> **Aim of the task**
Retype word for word the stretch of entries below from the line that has "Used 2013 Ford" through the line that has "170 Peelwood Parade, Halls Head WA 6210", and omit the pictures.

> **Records to process**
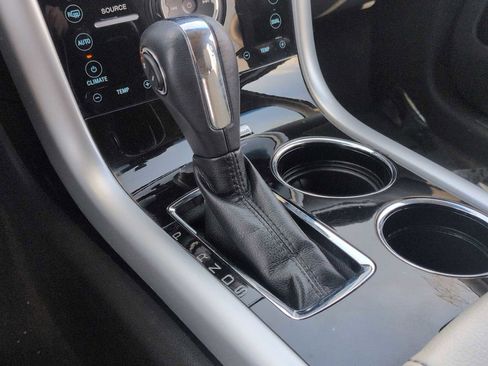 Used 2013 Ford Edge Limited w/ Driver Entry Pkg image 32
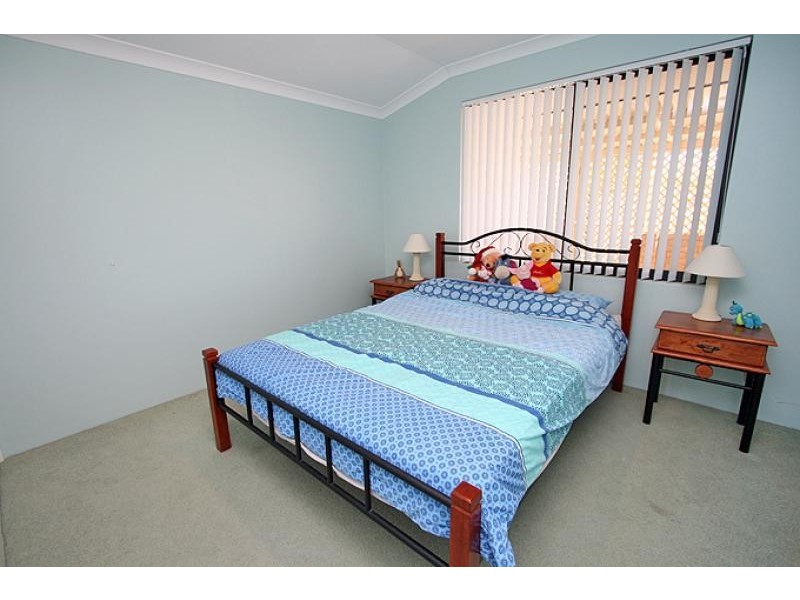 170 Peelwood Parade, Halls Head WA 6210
* * *
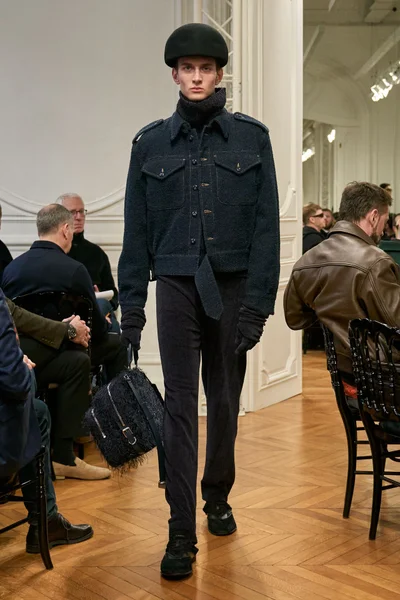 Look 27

> **Response to this exercise**
 Used 2013 Ford Edge Limited w/ Driver Entry Pkg image 32
 170 Peelwood Parade, Halls Head WA 6210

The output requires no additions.